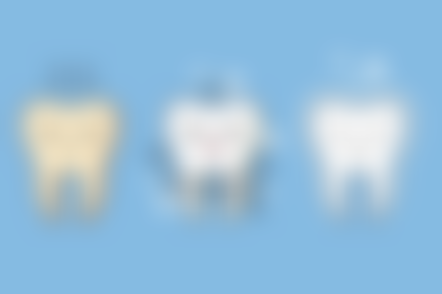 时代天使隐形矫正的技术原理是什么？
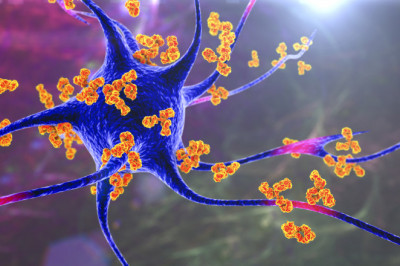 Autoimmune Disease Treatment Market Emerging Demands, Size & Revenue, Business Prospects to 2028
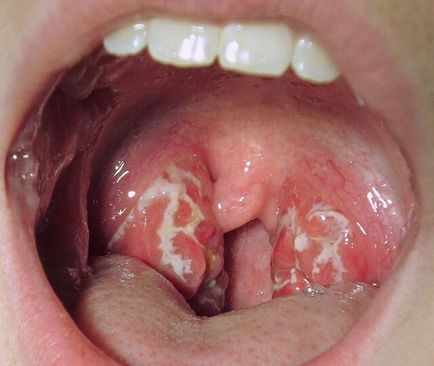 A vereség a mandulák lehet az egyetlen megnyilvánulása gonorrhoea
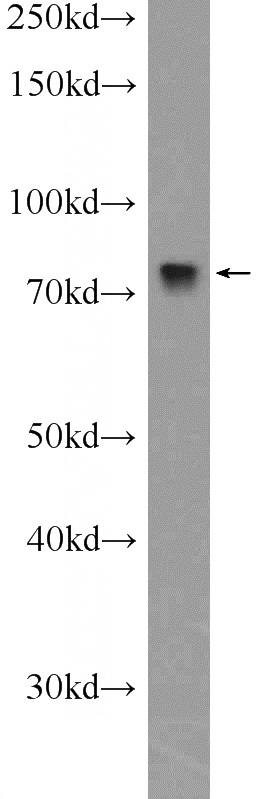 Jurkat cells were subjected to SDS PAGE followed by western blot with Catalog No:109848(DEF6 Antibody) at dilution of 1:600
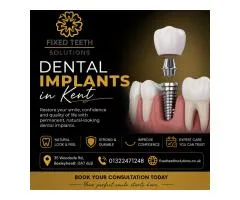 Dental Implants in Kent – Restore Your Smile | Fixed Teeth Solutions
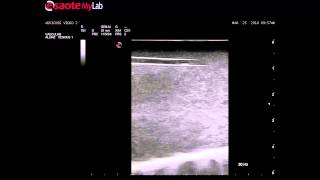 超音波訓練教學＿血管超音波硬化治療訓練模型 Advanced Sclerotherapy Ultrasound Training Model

- How to complete this task: Starting at the line that holds "Dental Implants in", repeat every line through the end of the listing exactly as written, skipping any picture.

- Answer below:
 Dental Implants in Kent – Restore Your Smile | Fixed Teeth Solutions
 超音波訓練教學＿血管超音波硬化治療訓練模型 Advanced Sclerotherapy Ultrasound Training Model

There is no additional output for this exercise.